What strikes me is the way how

2021-06-09T05:51:43.1632026Z Cache restored successfully
2021-06-09T05:51:43.1746121Z Cache restored from key: linux-php-7.2.34-21+ubuntu18.04.1+deb.sury.org+1-locked-bac6c14ffff580a04a4fea1394e68aa862bb682755fbc9d2277682591500a408-

happens just before the error, and how that is interleaved with the actual Composer run.

So, my suspicion is that some async operations go wrong here, so that the cache is restored while Composer is already running. Maybe that does not make much of a difference for dist files, but might be enough to make git stumble when it runs on a partly-restored repo?

I should also add that I have some concurrent workflows that run this action here at about the same time. But to my knowledge, different workflows run in isolated environments. So I would rule out any kind of cross-workflow race conditions.

I am sure this is the race condition as I initially described. Here is the log output of another run that worked:

PHP version is 7.2.34-21+ubuntu18.04.1+deb.sury.org+1
Operating system is linux
Cache primary key is linux-php-7.2.34-21+ubuntu18.04.1+deb.sury.org+1-locked-bac6c14ffff580a04a4fea1394e68aa862bb682755fbc9d2277682591500a408-
Cache restore keys are: linux-php-7.2.34-21+ubuntu18.04.1+deb.sury.org+1-locked-bac6c14ffff580a04a4fea1394e68aa862bb682755fbc9d2277682591500a408-, linux-php-7.2.34-21+ubuntu18.04.1+deb.sury.org+1-locked-
/usr/local/bin/composer install --no-interaction --no-progress --ansi
Installing dependencies from lock file (including require-dev)
Verifying lock file contents can be installed on current platform.
Received 49209747 of 49209747 (100.0%), 123.8 MBs/sec
Cache Size: ~47 MB (49209747 B)
/bin/tar --use-compress-program zstd -d -xf /home/runner/work/_temp/bba28022-b2f5-403f-9ceb-305964208faf/cache.tzst -P -C /home/runner/work/REPO/REPO
Cache restored successfully
Cache restored from key: linux-php-7.2.34-21+ubuntu18.04.1+deb.sury.org+1-locked-bac6c14ffff580a04a4fea1394e68aa862bb682755fbc9d2277682591500a408-
Package operations: 186 installs, 0 updates, 0 removals
  - Syncing webfactory/wfdynamic (3.1.0) into cache

You can see that /usr/local/bin/composer install --no-interaction --no-progress --ansi comes before Cache restored successfully, but this time, the cache was quick enough to be restored before Composer did any git clone operations.

I have no experience with TypeScript or asynchronous programming in JavaScript.

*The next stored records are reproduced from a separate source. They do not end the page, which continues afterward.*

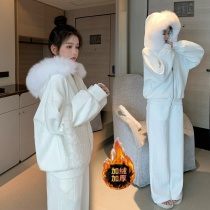 Pregnant women winter suit fashion autumn and winter Net red ocean air hooded plus velvet sweater loose leisure spring and autumn two-piece set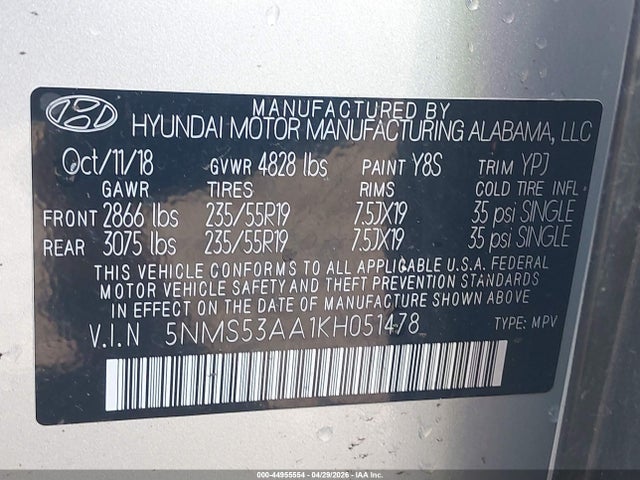 Hyundai Santa Fe Limited 2.0t 2019 5NMS53AA1KH051478 Image 9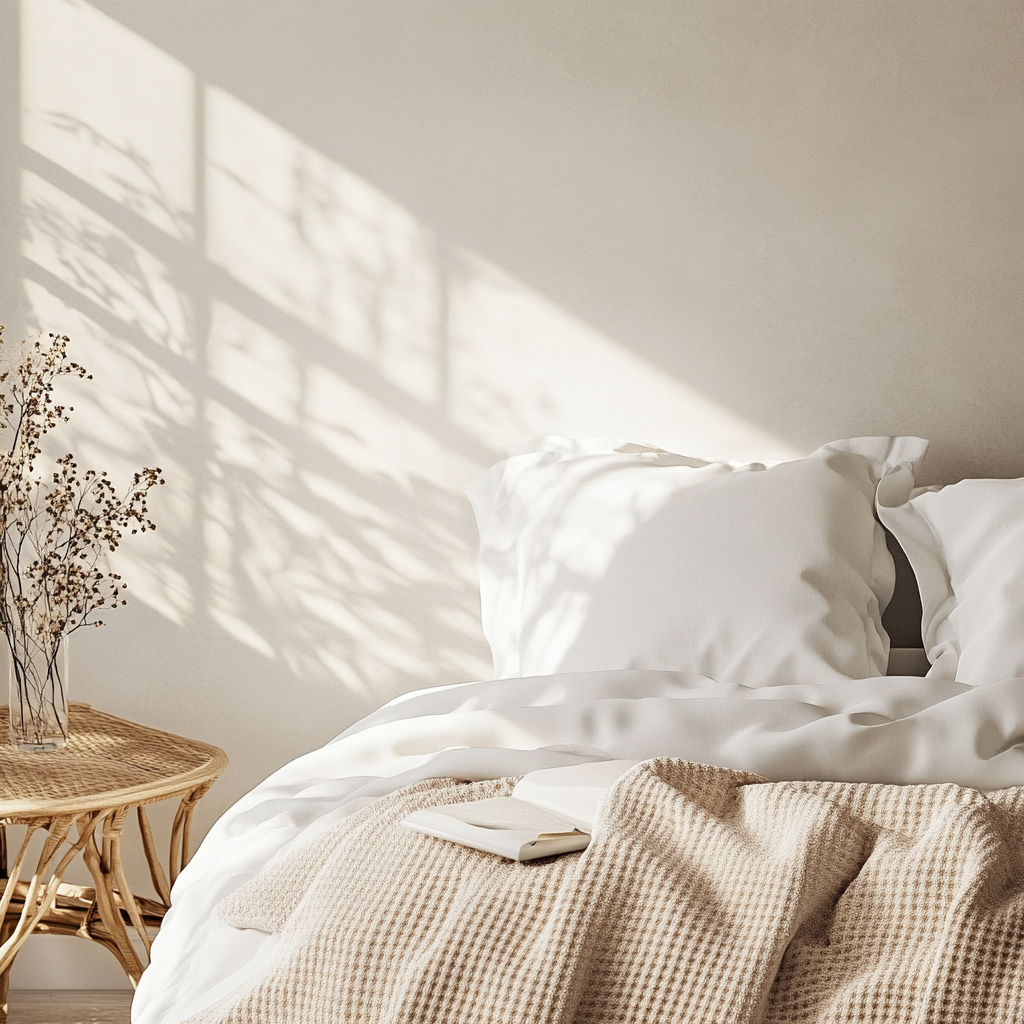 Cozy bedroom corner with warm, soft light.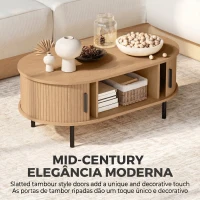 HOMCOM Mesa de Centro com Portas Deslizantes Mesa de Café Oval com Armazenamento Oculto 100x55x40 cm Natural(m-4)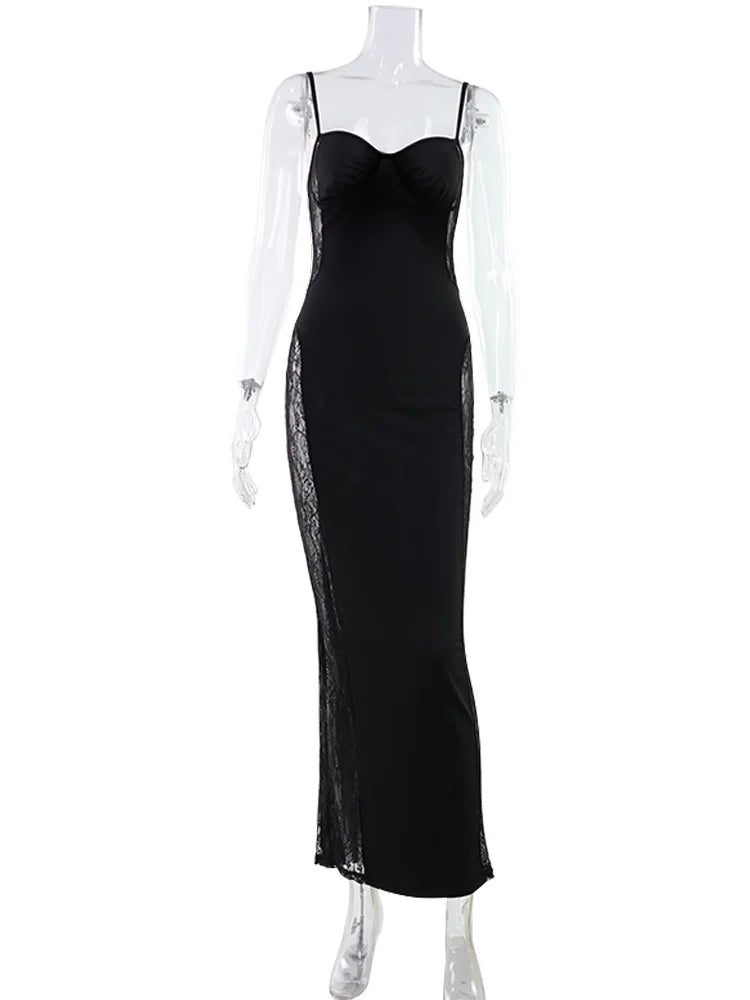 Lavinia Sheer Lace-Panel Corset Cami Maxi Dress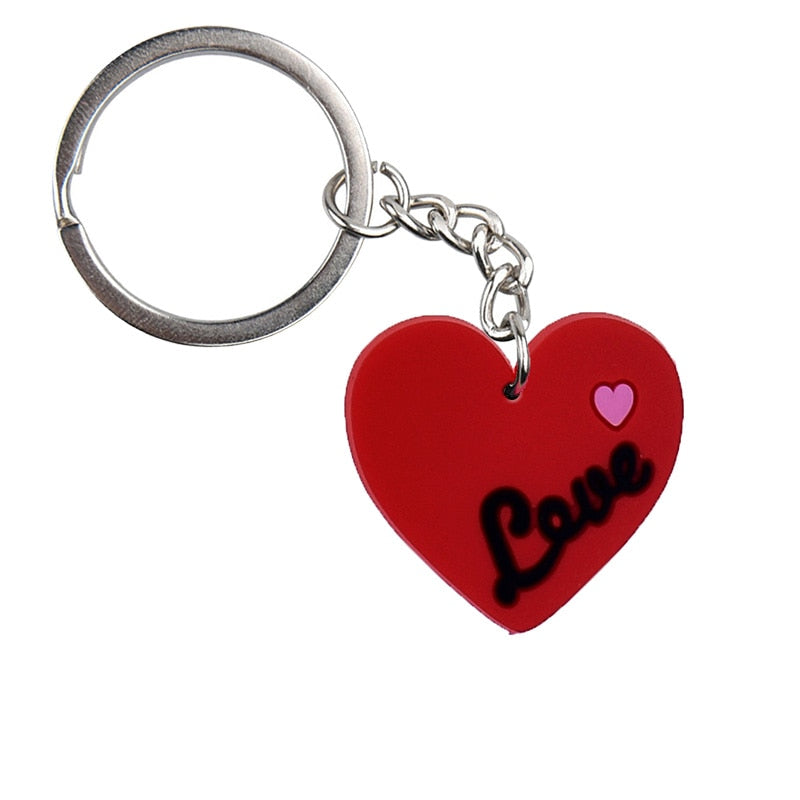 Red Love Heart Keychain Cartoon Creative Gift Key Holder Keyring Anime Souvenir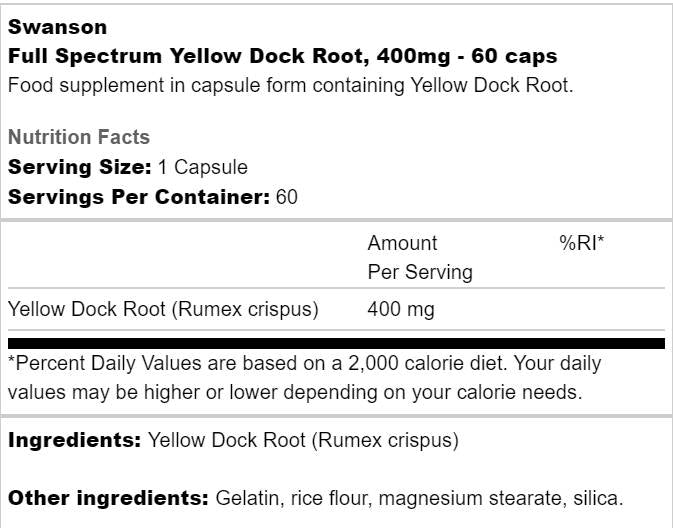 Full Spectrum Yellow Dock Root 400 mg 60 capsule
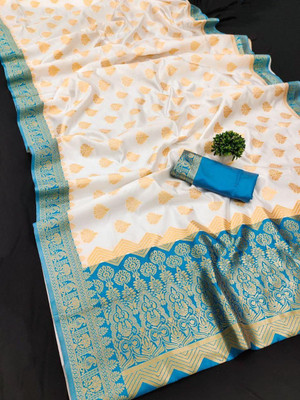 Julee Woven Kanjivaram Silk Blend Saree(Multicolor)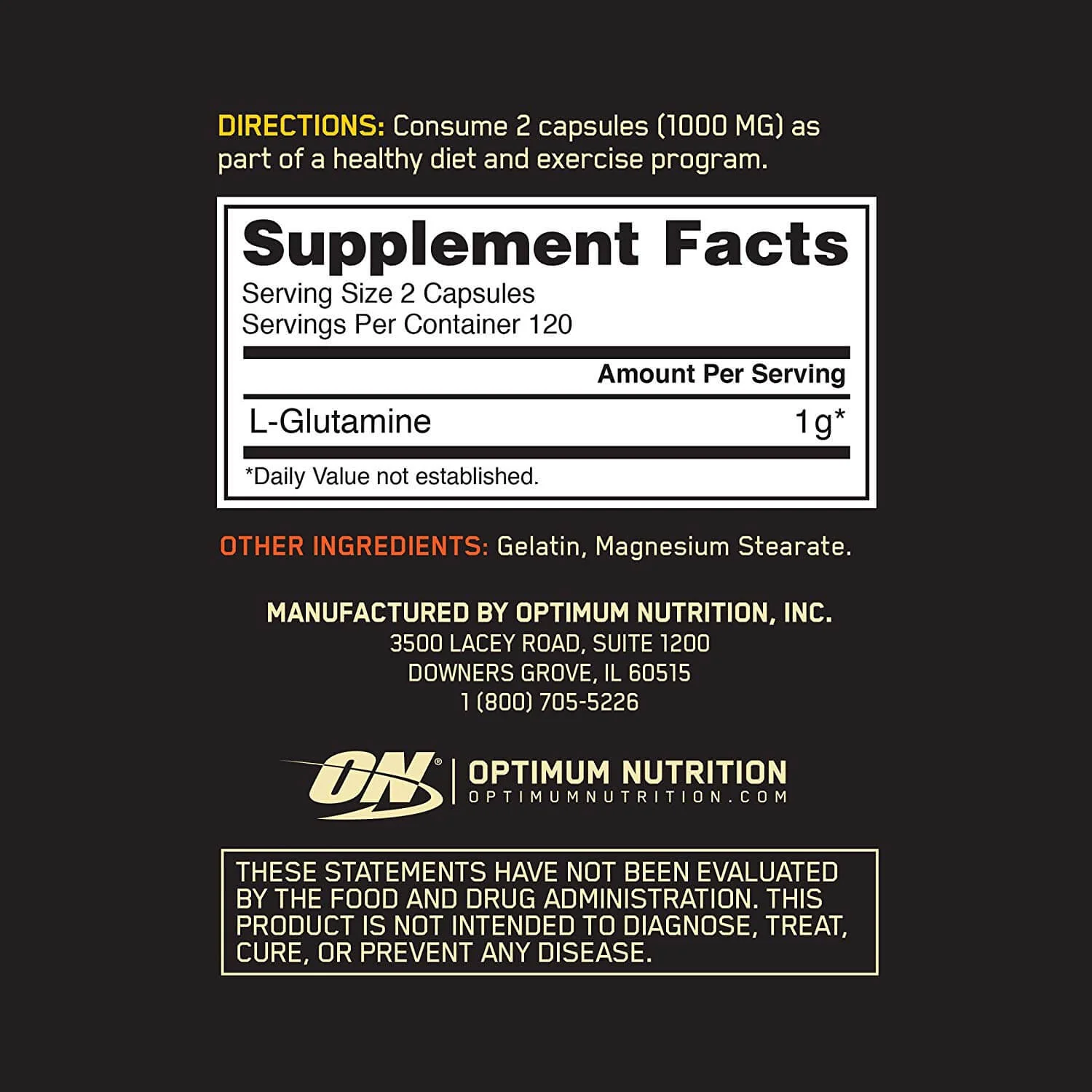 Optimum Nutrition Glutamine 1000 Caps - Image 4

That being said, here is the code from https://github.com/actions/cache that you require() in src/cache/factory.ts:

https://github.com/actions/cache/blob/0638051e9af2c23d10bb70fa9beffcad6cff9ce3/src/restore.ts#L69-L71

The run() call seems to trigger the actual cache restore code; but since that is async, it might take a while to complete. Does run() return a promise in this case, but that promise is never exported from the module?

If that is the case, what does this code here

return async () => await require('cache/dist/restore.js')
wait for?

I have no experience with TypeScript or asynchronous programming in JavaScript.

My experience is also limited, but I think calling attention to the fact that there's absolutely asynchronous operations going on here points to a likely smoking gun.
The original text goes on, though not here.